Figures out this Thursday have revealed that the number of traffic fines issued to the owners of foreign-registered vehicles have quadrupled in the space of just three years.
Data obtained by newspaper Jornal de Notícias from the National Road Safety Agency (ANSR) show that the number of fines handed to foreigners visiting the country in their cars have risen from little over 7,000 in 2014 to 30,458 in 2016.
Most of these fines are for minor infringements, the ANSR said, adding that around 90 percent of all fines handed to foreign motorists are paid, with the threat of temporarily losing their documents serving as incentive enough for foreign drivers to settle their dues with Portuguese traffic police.
This news comes as another report indicated that the ANSR has allowed over 250,000 fines to expire between 2015 and 2016. No figures are as yet available for 2017.

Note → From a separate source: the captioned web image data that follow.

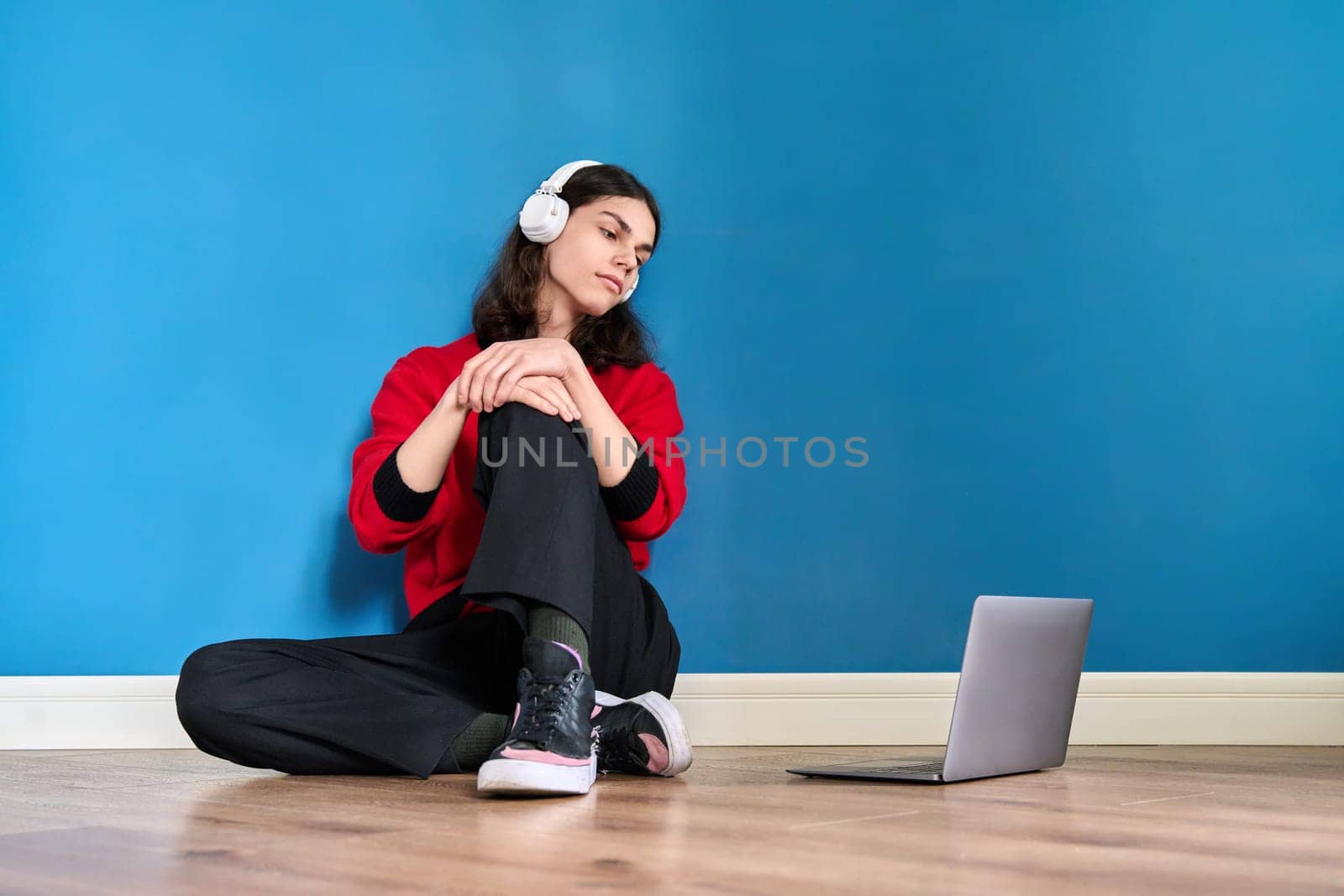 Young teenage guy student in headphones with laptop sitting on the floor on blue background. Lifestyle, youth, technology, leisure, music, education, young people concept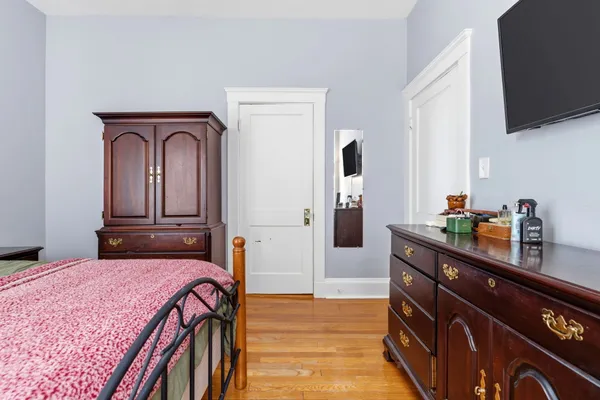 a bedroom with a bed and a flat screen tv
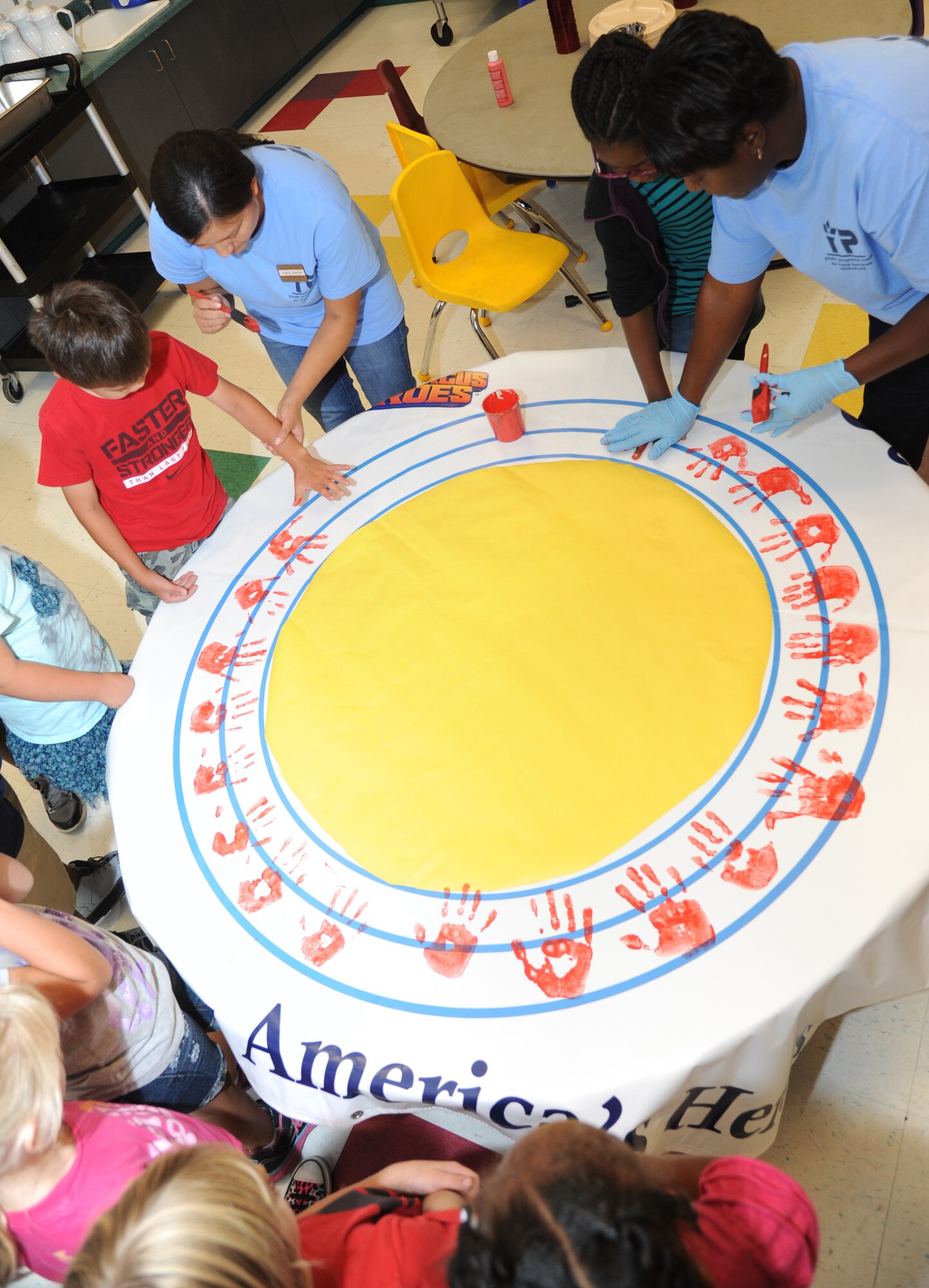 Children at the Keesler Youth Center decorate a banner with their handprints June 13, 2014, at the Youth Center, Keesler Air Force Base, Miss.  The banner will be presented to the Armed Forces Retirement Home on behalf of the Ringling Brothers Circus.  (U.S. Air Force photo by Kemberly Groue)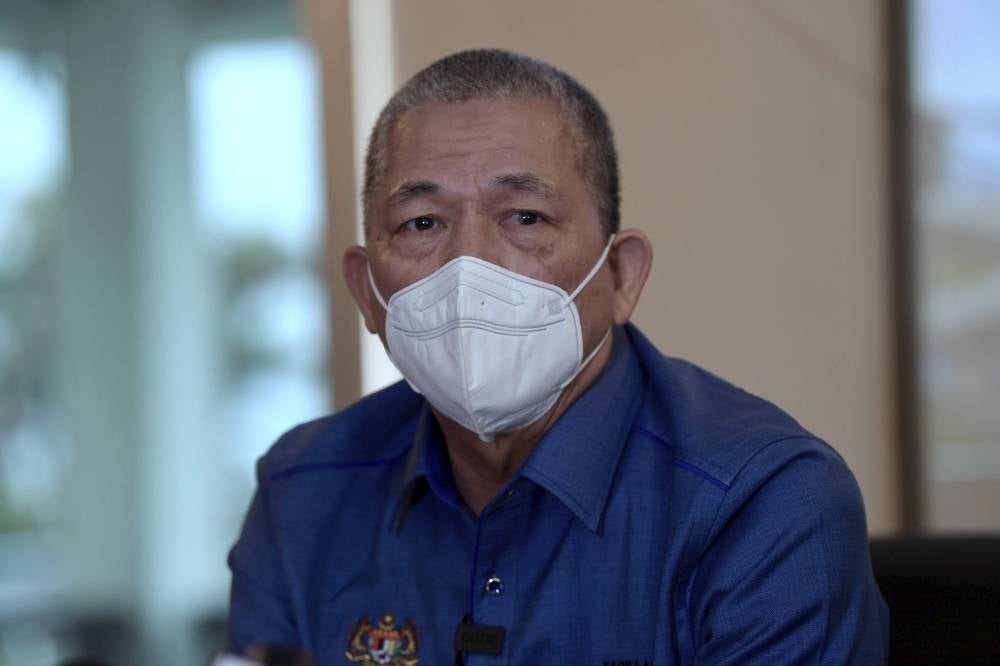  Senior Works Minister Datuk Seri Fadillah Yusof after inspecting the FT252 Jalan Gunung Jerai slope repair work, today. - BERNAMA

In a statement sent to The Portugal News on Thursday afternoon, the Ministry of Internal Affairs clarified that the number of fines expiring dropped by 85 percent from 2015, when this total of 225,000 to 31,000 in 2016.

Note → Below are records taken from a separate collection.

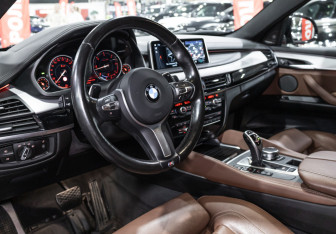 Подержанный автомобиль BMW X6 2017 года (16 фото)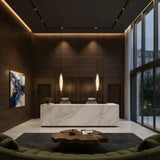 Modern lobby with a marble reception desk, two chairs, Aurelia LED Alabaster Pendant Light – Soft White, wood-paneled walls, large windows, abstract art, a round wooden coffee table, and a green curved sofa on a dark rug.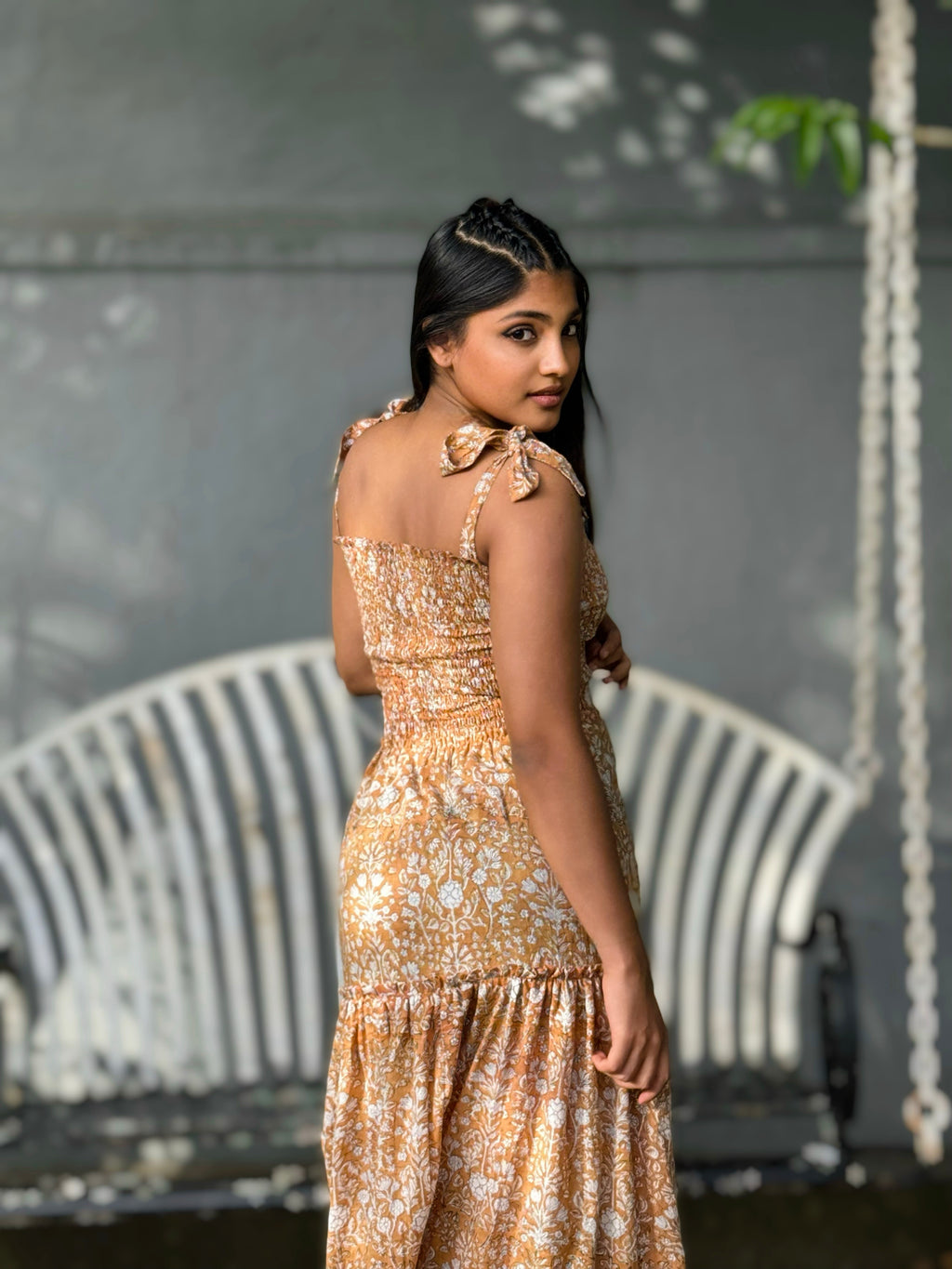 Woman in Hoya Tie-Straps Sun Dress standing in front of a swing and bench.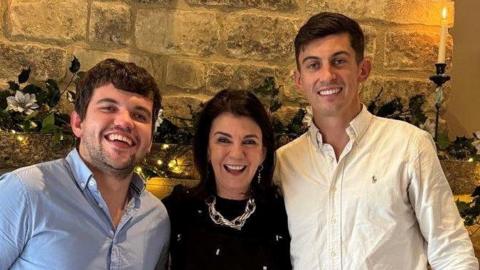Harvey Isaac, Dawn Harper and Charlie Isaac are huddled together all looking at the camera with big smiles. They are pictured in front of a large Cotswold stone fireplace and chimney breast. The brothers both have dark short hair and are wearing button up shirts. Dawn is wearing a chunky silver necklace over a black embellished dress. The mantle piece is decorated with fairy lights, candles and festive foliage.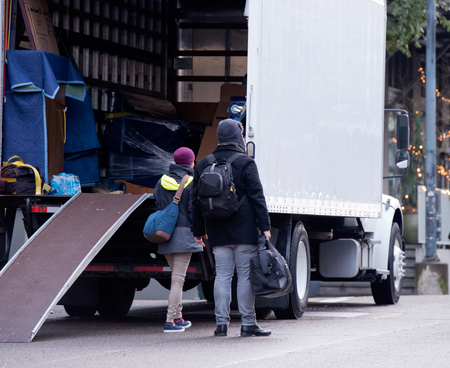 A young couple is transporting goods in a white truck with a boxing trailer and a wheelbarrow ramp to a new place of residence in urban city. The girl and the guy keep the bags in their hands and inspect the furniture to be unloaded.の写真素材
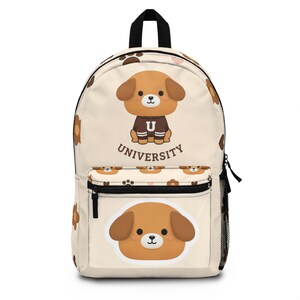 Puede incluir: Mochila beige con un perro de dibujos animados que lleva un suéter marrón con una "U". La mochila tiene un bolsillo frontal con una cara de perro y la palabra "UNIVERSITY" debajo. Huellas de patas marrones y caras de perro decoran la bolsa.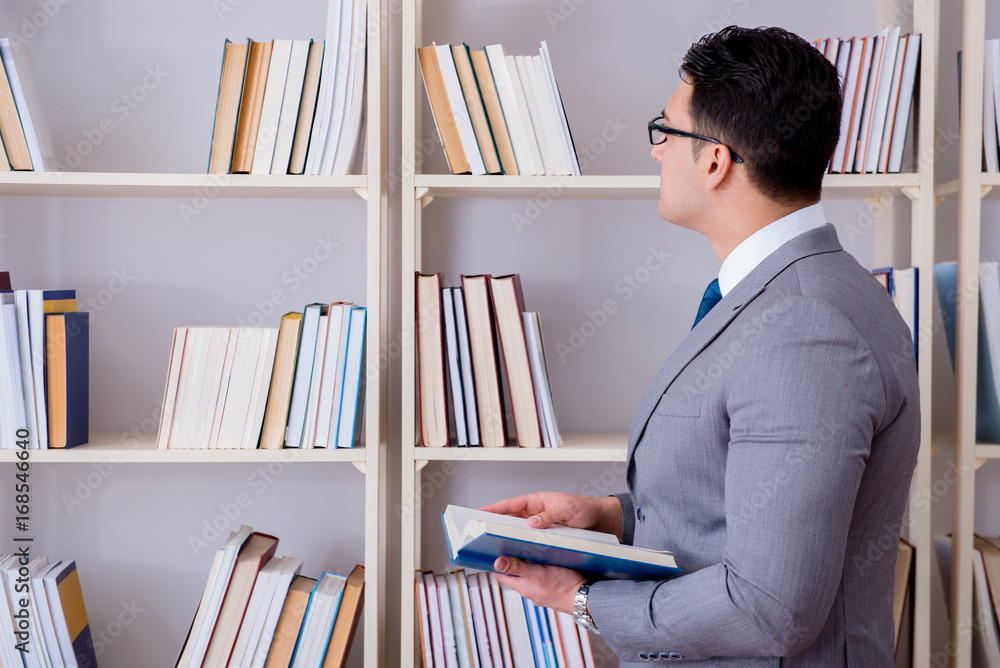 Businessman student reading a book studying in library Businessman student reading a book studying in library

In the meantime, Portugal has reportedly been failing in its obligation to hand over details of national motorists detected committing traffic offences in other European countries.
Following the introduction of the EUCARIS system, which allows all EU states to exchange information on offending drivers, José Miguel Trigoso of the national road prevention group says technical incompatibilities with the system and the national registry office has seen Portugal unable to hand over details of offenders.

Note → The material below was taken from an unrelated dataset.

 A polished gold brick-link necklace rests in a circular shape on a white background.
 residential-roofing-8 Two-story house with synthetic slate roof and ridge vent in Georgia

The information exchange system provides an infrastructure and software to countries to share, among others, their car and driving licence registration information and is also aimed at helping fight car theft and registration fraud.
EUCARIS is developed by and for governmental authorities and is intended to support all kinds of transport-related information exchange.
Once fully operational, the system will allow Portugal to recoup money from a number of areas, including the owners of foreign-registered vehicles who intentionally or out of ignorance fail to pay e-tolls on motorways such as the Algarve’s A22.